The second semifinal started with a warning that we would first hear an overture; the previous night’s unannounced one must have really freaked people out.
The question going into last night’s concert was whether mezzo-soprano Deepa Johnny and baritone Brian Murray, the two singers who also appeared in the Art Song finals, would be able to hold the bigger room. Murray sang first, opening with a challenging Gluck aria that kept him at the top of his range, but he was best with more Mahler, which plays to all his soft strengths. Have you ever wondered how it would feel to be a kitten picked up by the scruff of the neck? That’s what he did to us with a shapely and pleasantly powerful “Wo die schönen Trompeten blasen.” Johnny was less convincing, still much more characterful than Valerie Eickhoff the previous night, but her “Asie” from Ravel’s Shéhérazade proved too much of a risk. It needed more butter to round out its long winding lines and more heart to rise above the orchestra.
Mezzo-soprano Simone McIntosh and countertenor Nils Wanderer should earn their places in the final. McIntosh has a huge instrument—it made me think of going to the zoo. Ever look at the glass in the lion enclosure and wonder, will it hold her? This much power makes her sound younger than she is, but she mostly managed to control it through Mozart and Strauss, ending with Béatrice’s emotional grand tour “Dieu! Que viens-je d’entendre?” There’s big stage potential here, or a supervillain if things don’t go her way.
Opera singers are not known for their vivid acting but even in this crowd baritone Hugo Laporte stood out as awkward–wooden phrasing and occasional splats of pleasant enough sound. To think we could have heard Jusung Gabriel Park instead.
Luckily for us, Wanderer ended the night, unsteadier tuning than in the first round but still exquisite in the alto aria that echoes Jesus’ final words in Bach’s St. John Passion, followed by the charming hypothermia aria from Purcell’s King Arthur. Chilling detailing and a beguiling presence, this is what Homer imagined when he wrote about the Sirens.
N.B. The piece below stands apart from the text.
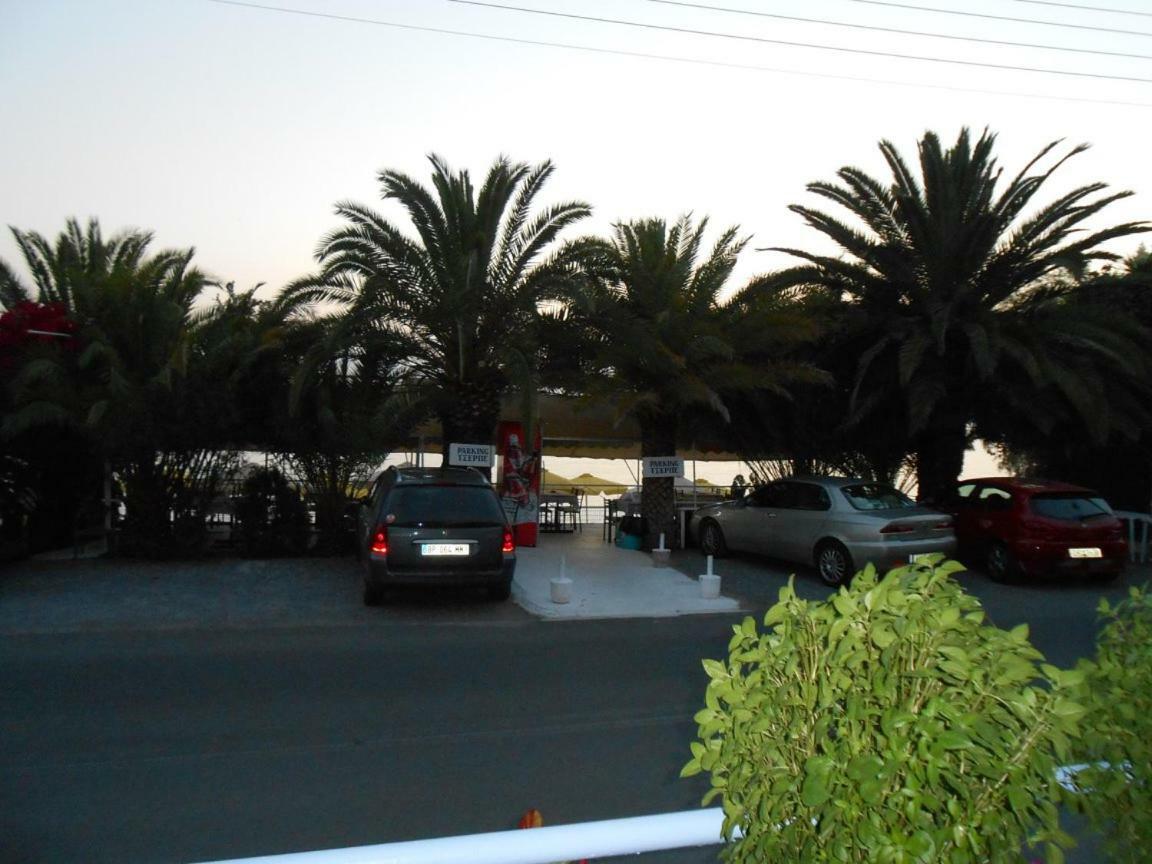 Horizon Aktaion Aparthotel Kalamata Exterior photo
Wanderer, McIntosh, and Dufresne were announced as finalists half an hour later. Eickhoff made it too and so did Laporte, to have strong contrasts, I imagine. Murray’s absence could be taken as a sign that he might win in Art Song—winners in both categories are revealed at the same time, but the judges already know—so it would have been too extravagant to have him in both finals.
The finals are tomorrow night at 7:30pm EST.